Similar tricks are used throughout Bastion, with as much detail being added to the world and kept out of the menus as possible. As you progress through the game you’ll be able to build new places in the Bastion, each with their own use and adding to the feel of the world. The level up system has you able to go to a Distillery and drink a new tonic whenever a new level has been gained, for various effects. Each tonic has a little history thrown in by the narrator, and can be re-equipped whenever you visit the distillery. The Shrine allows you to pray to the idols of the gods, each one giving bonuses to your experience and money gains, but making the game harder in some way (perfect for the New Game Plus mode). The gods can also be revoked by the player to go back to normal. The Memorial is a selection of challenges of varying difficulty for the player to complete. Each gives more money as well as a description of the sketch left on the memorial by our esteemed narrator. Throughout the story we’ll be finding mementos of the old world and can take them to the narrator and other characters to find out more detail on them and the old world as well as build a good feel for the interactions of these characters. Then there are the reflection items, each one something that means something to one of the survivors of the Calamity – a pipe, a cooking pot and a bedroll. Activating each of these in the Bastion drops the player into an arena called Who Knows Where, to fight varied creatures for extra experience and money. This isn’t the only reason you’ll be visiting Who Knows Where though as between each round the narrator fills in the back story of one of the characters in the game. These are affectionately told stories and so much more moving than they may appear at first.

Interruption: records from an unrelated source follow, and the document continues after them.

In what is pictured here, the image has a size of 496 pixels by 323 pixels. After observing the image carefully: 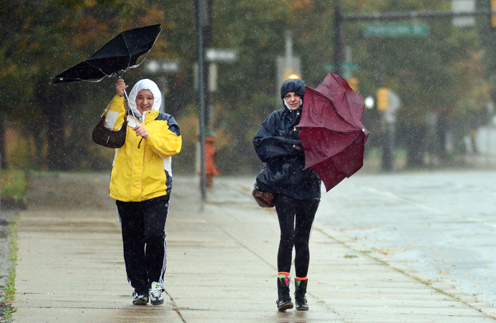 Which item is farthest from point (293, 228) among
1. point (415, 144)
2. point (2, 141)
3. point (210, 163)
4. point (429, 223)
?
point (415, 144)

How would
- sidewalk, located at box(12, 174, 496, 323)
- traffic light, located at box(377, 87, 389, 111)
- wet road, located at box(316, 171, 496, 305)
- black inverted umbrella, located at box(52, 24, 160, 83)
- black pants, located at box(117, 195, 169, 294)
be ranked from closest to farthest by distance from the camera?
black inverted umbrella, located at box(52, 24, 160, 83) → sidewalk, located at box(12, 174, 496, 323) → black pants, located at box(117, 195, 169, 294) → wet road, located at box(316, 171, 496, 305) → traffic light, located at box(377, 87, 389, 111)

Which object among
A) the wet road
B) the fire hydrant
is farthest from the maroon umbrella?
the fire hydrant

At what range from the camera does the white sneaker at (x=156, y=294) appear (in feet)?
21.3

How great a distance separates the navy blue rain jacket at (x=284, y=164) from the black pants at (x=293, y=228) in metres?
0.07

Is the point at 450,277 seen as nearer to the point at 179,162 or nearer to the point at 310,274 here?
the point at 310,274

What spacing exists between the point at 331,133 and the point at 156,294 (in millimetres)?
1758

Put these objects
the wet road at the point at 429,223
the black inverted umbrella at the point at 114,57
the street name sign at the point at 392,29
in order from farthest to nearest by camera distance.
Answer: the street name sign at the point at 392,29
the wet road at the point at 429,223
the black inverted umbrella at the point at 114,57

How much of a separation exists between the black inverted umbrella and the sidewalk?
167 centimetres

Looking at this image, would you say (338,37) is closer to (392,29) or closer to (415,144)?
(392,29)

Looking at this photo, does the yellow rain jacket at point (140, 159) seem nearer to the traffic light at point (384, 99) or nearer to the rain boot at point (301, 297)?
the rain boot at point (301, 297)

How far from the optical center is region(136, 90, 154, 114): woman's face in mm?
6480

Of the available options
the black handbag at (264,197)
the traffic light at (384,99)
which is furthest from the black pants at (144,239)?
the traffic light at (384,99)

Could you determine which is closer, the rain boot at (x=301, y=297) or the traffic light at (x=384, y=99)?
the rain boot at (x=301, y=297)

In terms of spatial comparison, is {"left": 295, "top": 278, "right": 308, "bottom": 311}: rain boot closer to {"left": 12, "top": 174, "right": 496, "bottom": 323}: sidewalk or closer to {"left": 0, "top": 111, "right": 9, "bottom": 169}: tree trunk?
{"left": 12, "top": 174, "right": 496, "bottom": 323}: sidewalk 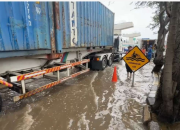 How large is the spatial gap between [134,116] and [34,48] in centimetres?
304

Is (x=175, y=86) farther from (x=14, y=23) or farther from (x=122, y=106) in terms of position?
(x=14, y=23)

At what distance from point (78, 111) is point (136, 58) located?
296 cm

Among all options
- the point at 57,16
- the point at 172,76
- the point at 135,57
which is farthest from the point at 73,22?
the point at 172,76

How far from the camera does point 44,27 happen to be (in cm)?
352

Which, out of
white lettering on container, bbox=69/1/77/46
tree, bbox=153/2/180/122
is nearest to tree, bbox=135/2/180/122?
tree, bbox=153/2/180/122

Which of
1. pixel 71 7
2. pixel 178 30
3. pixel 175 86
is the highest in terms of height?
pixel 71 7

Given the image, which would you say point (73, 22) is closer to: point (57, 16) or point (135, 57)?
point (57, 16)

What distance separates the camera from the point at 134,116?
284 centimetres

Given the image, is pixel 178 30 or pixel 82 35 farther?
pixel 82 35

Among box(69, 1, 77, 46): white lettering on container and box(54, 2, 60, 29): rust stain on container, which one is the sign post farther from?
box(54, 2, 60, 29): rust stain on container

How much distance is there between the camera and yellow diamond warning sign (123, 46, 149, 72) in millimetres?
4496

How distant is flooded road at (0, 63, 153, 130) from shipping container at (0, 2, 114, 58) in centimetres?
142

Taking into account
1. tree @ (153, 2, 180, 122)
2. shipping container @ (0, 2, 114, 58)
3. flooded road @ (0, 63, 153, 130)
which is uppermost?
shipping container @ (0, 2, 114, 58)

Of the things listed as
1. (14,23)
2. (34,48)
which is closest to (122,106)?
(34,48) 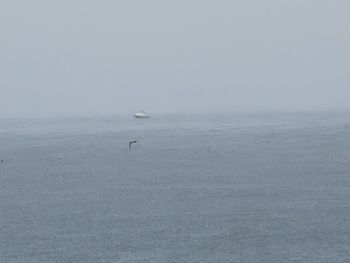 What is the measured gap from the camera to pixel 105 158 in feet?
111

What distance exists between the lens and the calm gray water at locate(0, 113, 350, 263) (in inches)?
577

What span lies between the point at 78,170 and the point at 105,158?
501 centimetres

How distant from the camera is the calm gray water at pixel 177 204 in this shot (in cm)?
1466

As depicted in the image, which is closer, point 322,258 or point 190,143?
point 322,258

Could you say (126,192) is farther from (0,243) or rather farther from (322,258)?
(322,258)

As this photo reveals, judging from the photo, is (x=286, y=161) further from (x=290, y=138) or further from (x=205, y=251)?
(x=205, y=251)

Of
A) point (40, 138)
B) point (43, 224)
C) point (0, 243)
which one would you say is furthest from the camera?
point (40, 138)

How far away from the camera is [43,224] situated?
1742cm

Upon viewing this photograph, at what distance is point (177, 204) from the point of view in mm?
20000

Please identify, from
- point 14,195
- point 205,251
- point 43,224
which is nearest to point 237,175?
point 14,195

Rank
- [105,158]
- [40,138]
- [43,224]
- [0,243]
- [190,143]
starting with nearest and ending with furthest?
[0,243] → [43,224] → [105,158] → [190,143] → [40,138]

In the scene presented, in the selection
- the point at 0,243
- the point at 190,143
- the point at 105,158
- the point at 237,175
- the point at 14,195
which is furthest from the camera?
the point at 190,143

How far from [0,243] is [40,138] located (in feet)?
106

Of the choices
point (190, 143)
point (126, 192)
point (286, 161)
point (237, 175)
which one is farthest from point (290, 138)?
point (126, 192) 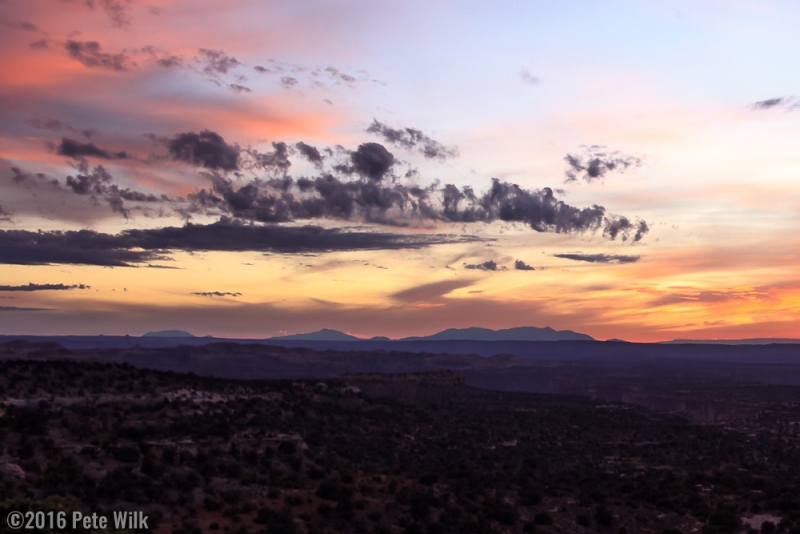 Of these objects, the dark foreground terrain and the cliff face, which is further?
the cliff face

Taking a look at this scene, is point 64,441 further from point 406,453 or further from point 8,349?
point 8,349

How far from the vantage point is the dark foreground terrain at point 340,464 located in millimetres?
28156

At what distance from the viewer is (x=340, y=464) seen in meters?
39.8

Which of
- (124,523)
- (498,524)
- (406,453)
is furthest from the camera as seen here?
(406,453)

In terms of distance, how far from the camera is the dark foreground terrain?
28.2 metres

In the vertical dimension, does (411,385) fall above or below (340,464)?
below

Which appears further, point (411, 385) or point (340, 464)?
point (411, 385)

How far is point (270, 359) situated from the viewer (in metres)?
192

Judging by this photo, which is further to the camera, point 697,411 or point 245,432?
point 697,411

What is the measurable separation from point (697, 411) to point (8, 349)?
120373 mm

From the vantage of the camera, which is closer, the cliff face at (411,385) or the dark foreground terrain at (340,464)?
the dark foreground terrain at (340,464)

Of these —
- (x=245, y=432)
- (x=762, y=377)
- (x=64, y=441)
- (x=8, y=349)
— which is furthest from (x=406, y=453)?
(x=762, y=377)

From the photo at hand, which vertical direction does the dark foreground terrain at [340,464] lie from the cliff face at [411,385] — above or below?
above

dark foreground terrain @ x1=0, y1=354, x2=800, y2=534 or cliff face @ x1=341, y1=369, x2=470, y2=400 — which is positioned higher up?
dark foreground terrain @ x1=0, y1=354, x2=800, y2=534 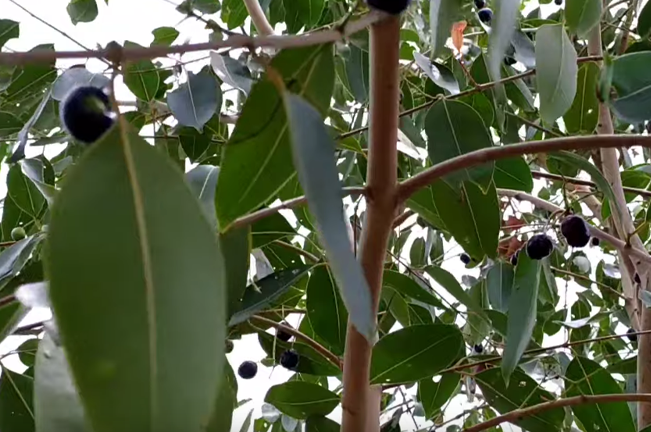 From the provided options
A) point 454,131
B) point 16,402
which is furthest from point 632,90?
point 16,402

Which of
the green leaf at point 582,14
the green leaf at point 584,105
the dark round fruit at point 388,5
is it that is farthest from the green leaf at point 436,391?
the dark round fruit at point 388,5

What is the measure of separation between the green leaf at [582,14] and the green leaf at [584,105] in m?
0.27

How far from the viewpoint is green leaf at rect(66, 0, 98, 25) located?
3.52 feet

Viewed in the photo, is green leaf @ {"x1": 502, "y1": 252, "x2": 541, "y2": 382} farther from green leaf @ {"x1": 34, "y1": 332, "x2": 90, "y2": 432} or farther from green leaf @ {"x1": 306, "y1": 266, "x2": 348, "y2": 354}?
green leaf @ {"x1": 34, "y1": 332, "x2": 90, "y2": 432}

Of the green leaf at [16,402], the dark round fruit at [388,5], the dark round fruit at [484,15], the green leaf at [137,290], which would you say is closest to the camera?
the green leaf at [137,290]

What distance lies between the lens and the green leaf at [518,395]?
0.83 metres

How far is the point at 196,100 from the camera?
2.56 feet

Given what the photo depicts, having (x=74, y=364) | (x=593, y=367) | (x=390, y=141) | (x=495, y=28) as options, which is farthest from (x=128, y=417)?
(x=593, y=367)

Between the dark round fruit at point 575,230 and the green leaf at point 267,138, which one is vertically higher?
the green leaf at point 267,138

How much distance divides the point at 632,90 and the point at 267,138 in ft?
0.97

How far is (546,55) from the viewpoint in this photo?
0.61 m

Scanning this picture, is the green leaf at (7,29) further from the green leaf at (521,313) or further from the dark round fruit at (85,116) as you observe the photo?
the green leaf at (521,313)

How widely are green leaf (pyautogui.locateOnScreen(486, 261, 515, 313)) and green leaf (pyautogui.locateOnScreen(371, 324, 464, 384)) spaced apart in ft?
1.06

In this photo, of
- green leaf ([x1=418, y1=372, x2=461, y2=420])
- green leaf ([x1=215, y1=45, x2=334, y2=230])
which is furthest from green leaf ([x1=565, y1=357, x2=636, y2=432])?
green leaf ([x1=215, y1=45, x2=334, y2=230]) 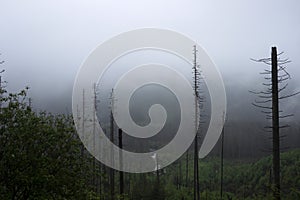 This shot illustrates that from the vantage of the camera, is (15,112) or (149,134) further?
(149,134)

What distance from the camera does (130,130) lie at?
78.8 ft

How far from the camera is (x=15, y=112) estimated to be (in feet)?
48.6

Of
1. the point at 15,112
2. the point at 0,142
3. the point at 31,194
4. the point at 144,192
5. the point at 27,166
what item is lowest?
the point at 144,192

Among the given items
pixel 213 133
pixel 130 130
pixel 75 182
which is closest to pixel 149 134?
pixel 130 130

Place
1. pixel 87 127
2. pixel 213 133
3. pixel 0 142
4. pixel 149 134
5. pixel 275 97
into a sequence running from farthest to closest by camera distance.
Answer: pixel 87 127 < pixel 213 133 < pixel 149 134 < pixel 275 97 < pixel 0 142

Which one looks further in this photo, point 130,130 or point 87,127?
point 87,127

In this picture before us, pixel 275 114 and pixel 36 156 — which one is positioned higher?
pixel 275 114

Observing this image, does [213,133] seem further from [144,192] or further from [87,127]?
[144,192]

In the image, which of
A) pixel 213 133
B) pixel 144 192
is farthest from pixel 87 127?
pixel 144 192

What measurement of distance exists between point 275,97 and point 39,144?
9.37 metres

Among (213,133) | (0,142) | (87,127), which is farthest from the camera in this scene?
(87,127)

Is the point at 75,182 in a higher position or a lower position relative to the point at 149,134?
A: lower

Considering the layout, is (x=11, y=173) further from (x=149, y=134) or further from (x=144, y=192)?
(x=144, y=192)

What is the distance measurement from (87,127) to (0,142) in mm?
17362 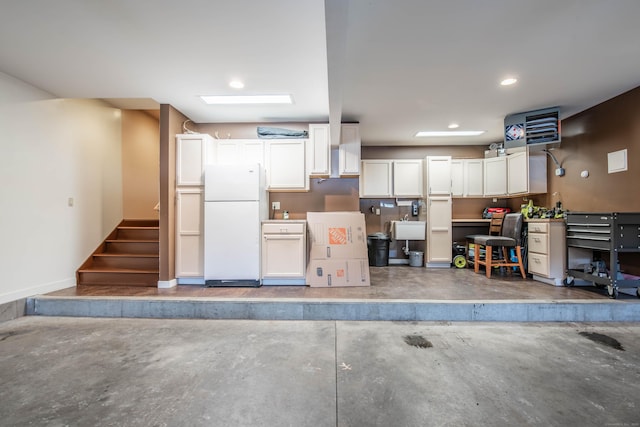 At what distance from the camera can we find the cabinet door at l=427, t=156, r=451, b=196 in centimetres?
534

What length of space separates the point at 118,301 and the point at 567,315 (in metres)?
5.22

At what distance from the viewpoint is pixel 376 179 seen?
5.71m

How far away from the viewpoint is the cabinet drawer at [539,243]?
13.0 feet

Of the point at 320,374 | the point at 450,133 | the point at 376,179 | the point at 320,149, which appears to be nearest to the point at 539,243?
the point at 450,133

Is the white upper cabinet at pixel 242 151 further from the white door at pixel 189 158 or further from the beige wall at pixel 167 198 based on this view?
the beige wall at pixel 167 198

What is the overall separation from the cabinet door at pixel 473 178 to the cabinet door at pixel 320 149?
318 cm

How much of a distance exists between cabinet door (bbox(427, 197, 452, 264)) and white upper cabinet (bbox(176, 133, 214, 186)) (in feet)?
13.5

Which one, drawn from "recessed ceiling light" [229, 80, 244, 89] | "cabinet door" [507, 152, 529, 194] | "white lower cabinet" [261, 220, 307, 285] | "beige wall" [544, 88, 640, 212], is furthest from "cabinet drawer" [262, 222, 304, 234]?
"beige wall" [544, 88, 640, 212]

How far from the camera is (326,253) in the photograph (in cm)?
404

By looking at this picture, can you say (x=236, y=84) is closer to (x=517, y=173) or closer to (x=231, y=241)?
(x=231, y=241)

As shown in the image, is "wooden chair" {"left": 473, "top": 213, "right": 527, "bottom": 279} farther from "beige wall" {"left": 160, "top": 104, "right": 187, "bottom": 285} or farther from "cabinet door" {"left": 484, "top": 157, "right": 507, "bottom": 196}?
"beige wall" {"left": 160, "top": 104, "right": 187, "bottom": 285}

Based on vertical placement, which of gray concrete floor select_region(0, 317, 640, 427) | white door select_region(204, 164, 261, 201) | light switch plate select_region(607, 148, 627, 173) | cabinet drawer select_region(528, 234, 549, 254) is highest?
light switch plate select_region(607, 148, 627, 173)

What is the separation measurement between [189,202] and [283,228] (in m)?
1.46

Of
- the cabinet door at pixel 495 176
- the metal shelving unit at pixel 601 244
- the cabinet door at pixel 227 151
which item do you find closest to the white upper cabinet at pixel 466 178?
the cabinet door at pixel 495 176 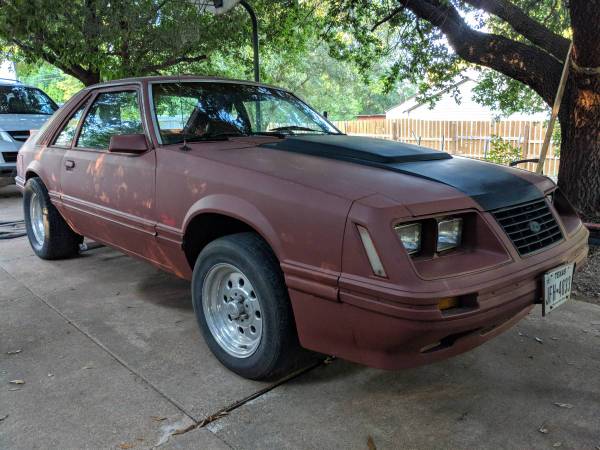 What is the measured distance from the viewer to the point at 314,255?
2256 millimetres

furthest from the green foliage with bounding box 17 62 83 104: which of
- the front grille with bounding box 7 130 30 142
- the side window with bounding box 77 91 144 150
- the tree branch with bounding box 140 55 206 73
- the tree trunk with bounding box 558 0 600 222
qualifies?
the tree trunk with bounding box 558 0 600 222

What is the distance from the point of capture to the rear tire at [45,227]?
4719mm

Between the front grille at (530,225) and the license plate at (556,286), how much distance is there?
14cm

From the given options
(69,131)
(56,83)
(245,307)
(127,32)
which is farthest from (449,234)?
(56,83)

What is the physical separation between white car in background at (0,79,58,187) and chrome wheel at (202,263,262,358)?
6965 millimetres

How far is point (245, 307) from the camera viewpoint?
2787 mm

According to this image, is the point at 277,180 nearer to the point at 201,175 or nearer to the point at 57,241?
the point at 201,175

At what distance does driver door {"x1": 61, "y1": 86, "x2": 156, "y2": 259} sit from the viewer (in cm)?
334

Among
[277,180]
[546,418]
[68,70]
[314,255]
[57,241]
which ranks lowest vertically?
[546,418]

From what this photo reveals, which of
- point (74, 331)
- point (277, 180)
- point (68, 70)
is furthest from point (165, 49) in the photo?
point (277, 180)

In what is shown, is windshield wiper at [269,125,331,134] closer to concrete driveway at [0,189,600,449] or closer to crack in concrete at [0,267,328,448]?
concrete driveway at [0,189,600,449]

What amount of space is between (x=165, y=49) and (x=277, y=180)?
322 inches

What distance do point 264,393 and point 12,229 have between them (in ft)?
17.1

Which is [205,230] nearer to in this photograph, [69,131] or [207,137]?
[207,137] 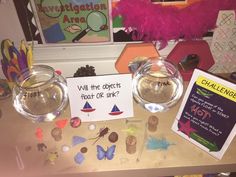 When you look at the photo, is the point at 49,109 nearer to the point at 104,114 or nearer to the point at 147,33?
the point at 104,114

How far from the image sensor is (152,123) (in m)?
0.83

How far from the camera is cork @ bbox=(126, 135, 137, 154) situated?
0.78m

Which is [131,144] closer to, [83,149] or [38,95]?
[83,149]

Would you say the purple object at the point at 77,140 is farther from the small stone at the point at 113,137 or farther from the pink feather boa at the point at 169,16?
the pink feather boa at the point at 169,16

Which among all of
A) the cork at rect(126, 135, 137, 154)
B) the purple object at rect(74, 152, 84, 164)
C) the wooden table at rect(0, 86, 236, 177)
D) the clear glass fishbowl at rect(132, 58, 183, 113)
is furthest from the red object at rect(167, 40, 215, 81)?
the purple object at rect(74, 152, 84, 164)

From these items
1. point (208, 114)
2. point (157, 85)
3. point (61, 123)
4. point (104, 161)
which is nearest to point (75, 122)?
point (61, 123)

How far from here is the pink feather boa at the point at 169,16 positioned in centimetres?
83

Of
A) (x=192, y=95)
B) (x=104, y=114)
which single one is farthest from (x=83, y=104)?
(x=192, y=95)

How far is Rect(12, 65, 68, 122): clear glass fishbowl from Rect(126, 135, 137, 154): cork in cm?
25

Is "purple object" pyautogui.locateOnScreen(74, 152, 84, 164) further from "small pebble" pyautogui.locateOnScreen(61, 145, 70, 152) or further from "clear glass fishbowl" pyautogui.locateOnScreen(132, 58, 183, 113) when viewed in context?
"clear glass fishbowl" pyautogui.locateOnScreen(132, 58, 183, 113)

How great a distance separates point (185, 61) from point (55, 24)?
455 mm

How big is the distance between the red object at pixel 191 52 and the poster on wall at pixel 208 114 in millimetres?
208

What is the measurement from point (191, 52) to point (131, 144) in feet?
1.26

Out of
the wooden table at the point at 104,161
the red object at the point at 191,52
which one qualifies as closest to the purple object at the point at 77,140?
the wooden table at the point at 104,161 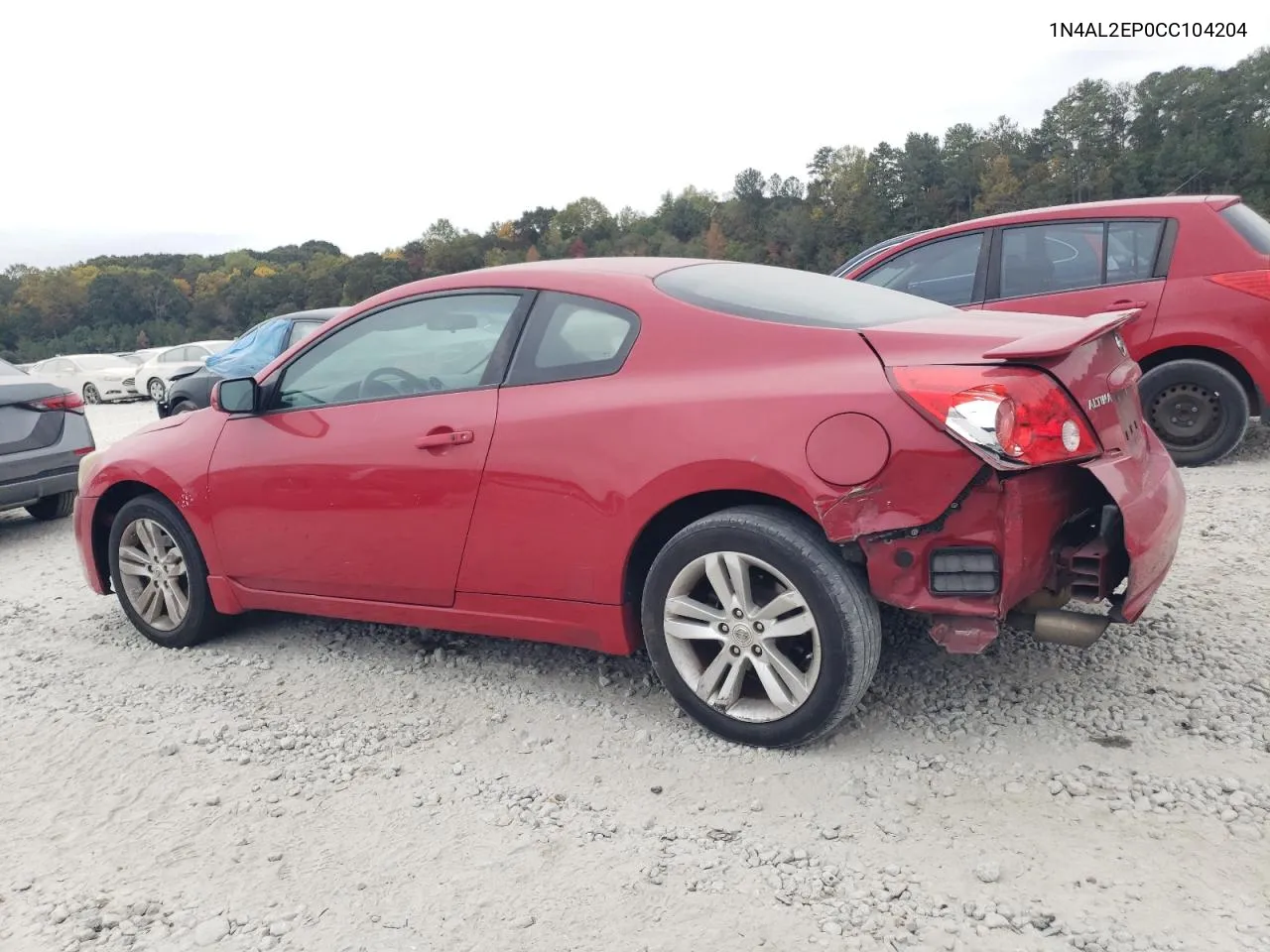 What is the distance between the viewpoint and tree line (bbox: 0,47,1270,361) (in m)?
44.6

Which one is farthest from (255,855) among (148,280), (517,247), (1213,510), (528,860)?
(148,280)

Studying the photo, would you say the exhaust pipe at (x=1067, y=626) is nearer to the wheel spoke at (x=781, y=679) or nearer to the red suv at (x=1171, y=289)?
the wheel spoke at (x=781, y=679)

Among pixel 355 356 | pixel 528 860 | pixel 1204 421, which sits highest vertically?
pixel 355 356

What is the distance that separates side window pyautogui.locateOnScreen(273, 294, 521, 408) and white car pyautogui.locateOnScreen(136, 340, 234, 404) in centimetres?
2079

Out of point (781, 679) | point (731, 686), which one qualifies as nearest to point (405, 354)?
point (731, 686)

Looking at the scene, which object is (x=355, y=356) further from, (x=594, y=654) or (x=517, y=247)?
(x=517, y=247)

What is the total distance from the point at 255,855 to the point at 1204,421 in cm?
596

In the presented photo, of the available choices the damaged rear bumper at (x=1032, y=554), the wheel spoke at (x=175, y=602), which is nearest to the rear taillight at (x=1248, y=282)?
the damaged rear bumper at (x=1032, y=554)

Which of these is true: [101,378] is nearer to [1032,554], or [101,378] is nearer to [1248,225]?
[1248,225]

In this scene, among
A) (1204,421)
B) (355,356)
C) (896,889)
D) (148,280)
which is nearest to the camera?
(896,889)

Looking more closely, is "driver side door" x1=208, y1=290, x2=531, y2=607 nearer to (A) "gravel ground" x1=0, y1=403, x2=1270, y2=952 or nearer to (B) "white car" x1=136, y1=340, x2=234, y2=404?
(A) "gravel ground" x1=0, y1=403, x2=1270, y2=952

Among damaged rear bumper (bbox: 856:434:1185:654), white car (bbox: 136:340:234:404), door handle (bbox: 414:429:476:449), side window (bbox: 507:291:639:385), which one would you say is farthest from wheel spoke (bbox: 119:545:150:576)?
white car (bbox: 136:340:234:404)

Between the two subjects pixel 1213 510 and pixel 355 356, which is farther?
pixel 1213 510

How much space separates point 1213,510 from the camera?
5203 millimetres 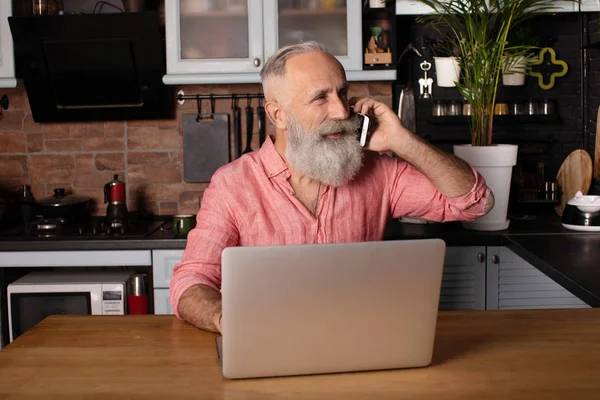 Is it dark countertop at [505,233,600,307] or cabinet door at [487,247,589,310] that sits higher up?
dark countertop at [505,233,600,307]

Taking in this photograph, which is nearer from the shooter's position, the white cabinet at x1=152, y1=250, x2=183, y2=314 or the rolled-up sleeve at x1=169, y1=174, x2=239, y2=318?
the rolled-up sleeve at x1=169, y1=174, x2=239, y2=318

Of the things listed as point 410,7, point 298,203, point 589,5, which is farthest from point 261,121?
point 298,203

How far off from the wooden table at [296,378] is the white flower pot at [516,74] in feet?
7.25

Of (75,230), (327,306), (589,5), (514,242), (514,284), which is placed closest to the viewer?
(327,306)

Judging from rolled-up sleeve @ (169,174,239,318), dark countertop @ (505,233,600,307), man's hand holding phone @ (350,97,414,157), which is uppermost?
man's hand holding phone @ (350,97,414,157)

In fact, Who Knows Where is a metaphor for the entirity of Bastion. At heart it may seem to be be an isometrically viewed action RPG, but that’s just how it plays. The real heart of Bastion lies in the wonderful story and the way it is told. While you’re playing you can almost feel yourself huddled with strangers against the impending darkness, so involving is the story. You will be moved by it, and not in the clichéd ways that other video games use to evoke emotion. This is the subtle feeling of another person’s loss that is so hard to evoke in any form of media. At one point while playing this I found a single tear rolling down my cheek, and I couldn’t tell you why I was crying or when it had started. This is the magic of Bastion. It’s a masterclass in storytelling and manages to make you feel so subtly that you’re not entirely sure what you’re feeling while playing, you’ll just come away different than you were when you started the game.
I’m going to very hesitantly say that Bastion is the best game so far of this console generation, which is ironic and wonderful when you consider all the effort other studios are putting into getting their hundred man teams to create uber-realistic graphics. If not the very best, it’s right up there in the top five easily. The single flaw I can think of with this game is that many people will dismiss it offhand as it’s an arcade title, while others who try it will overhype it due to their love. Go into Bastion with an open mind, free of things like this review, and you’ll find it’s so much more than just the fun little game it appear to be. It’s a lovingly crafted, passionately told story of loss and redemption.